━━━━━ Raw data ━━━━━

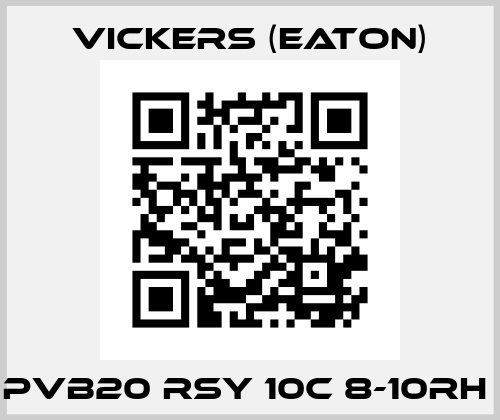 PVB20 RSY 10C 8-10RH  Vickers (Eaton)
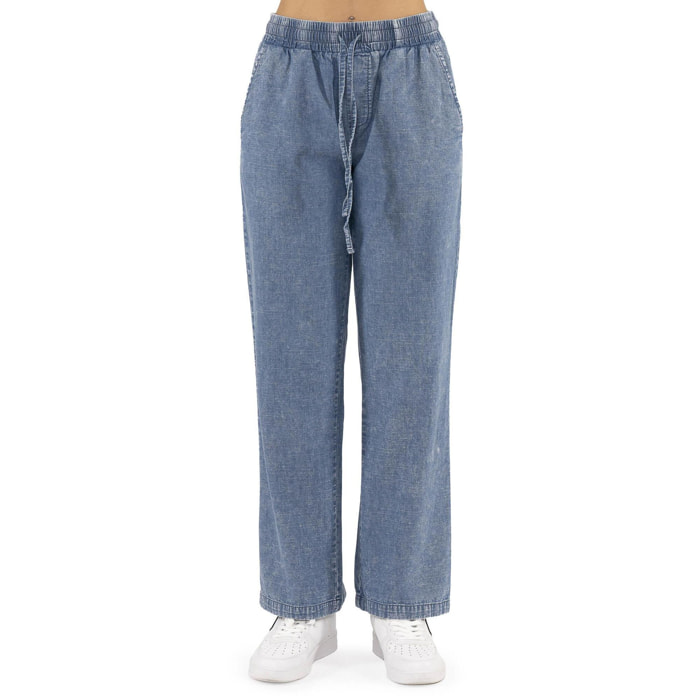 Pantalón vaquero de cambray Leone Fancy Stripes para mujer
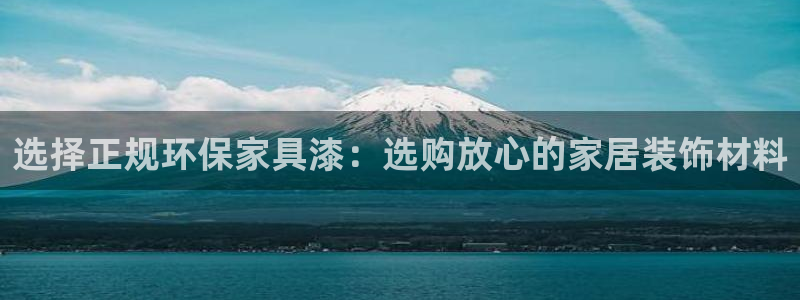 杏宇平台代理怎么赚钱快：选择正规环保家具漆：选购放心的家居装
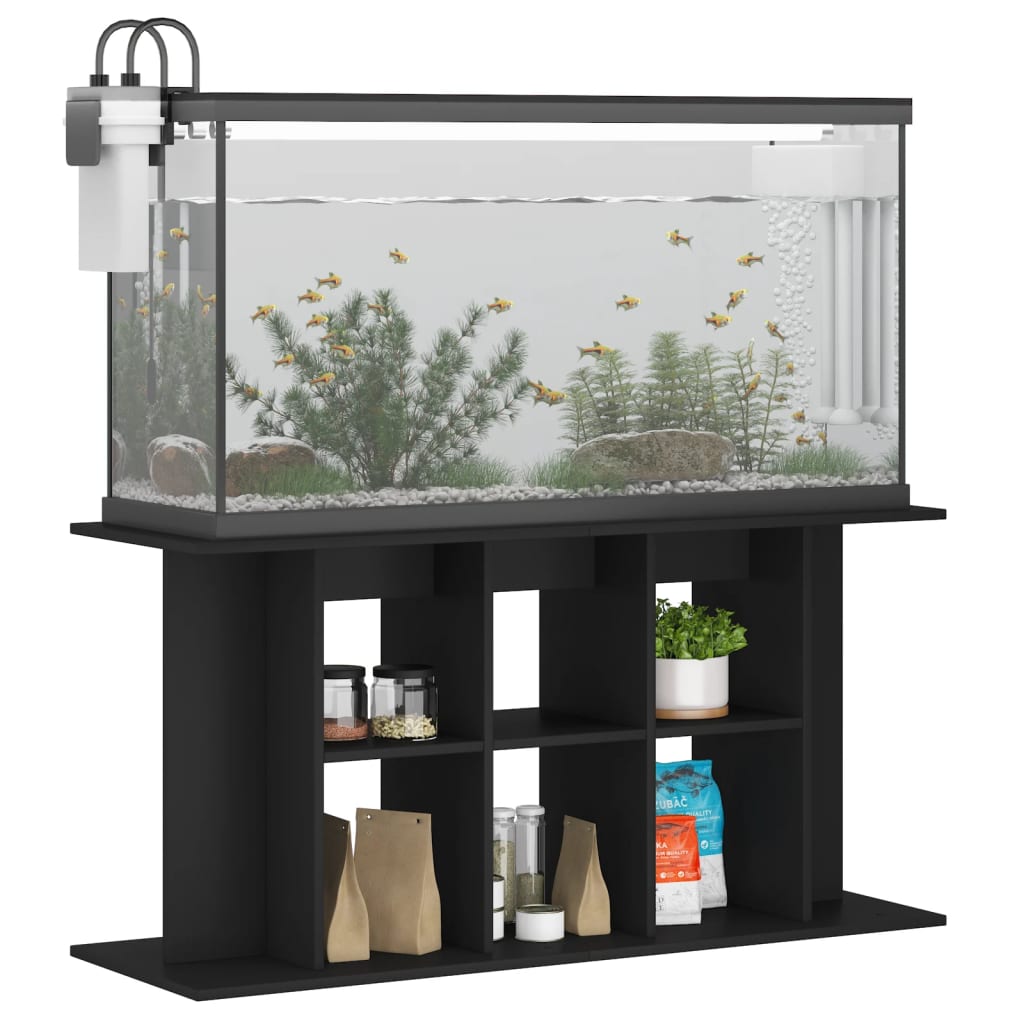 Aquarium Stand Black 120x40x60 cm Engineered Wood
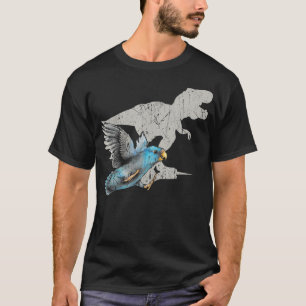 Funny Velociraptor Turquoise Parrotlet Cute T-shirt
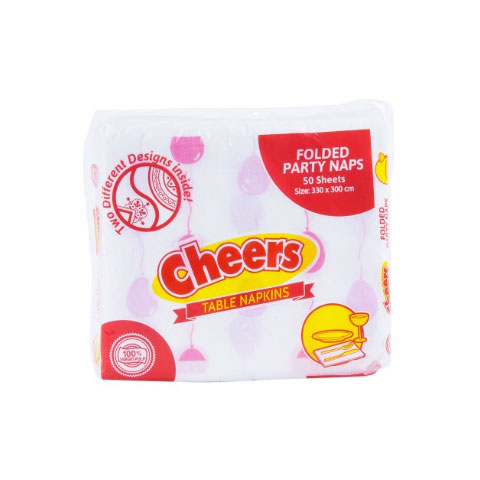 Folded Party Table Napkins Balloon Design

━━━━━

**What to do:** Please give back the data above word for word, with no pictures included.

**Task output:**
 PVB20 RSY 10C 8-10RH  Vickers (Eaton)
 Pantalón vaquero de cambray Leone Fancy Stripes para mujer
 杏宇平台代理怎么赚钱快：选择正规环保家具漆：选购放心的家居装
 Aquarium Stand Black 120x40x60 cm Engineered Wood
 Funny Velociraptor Turquoise Parrotlet Cute T-shirt
 Folded Party Table Napkins Balloon Design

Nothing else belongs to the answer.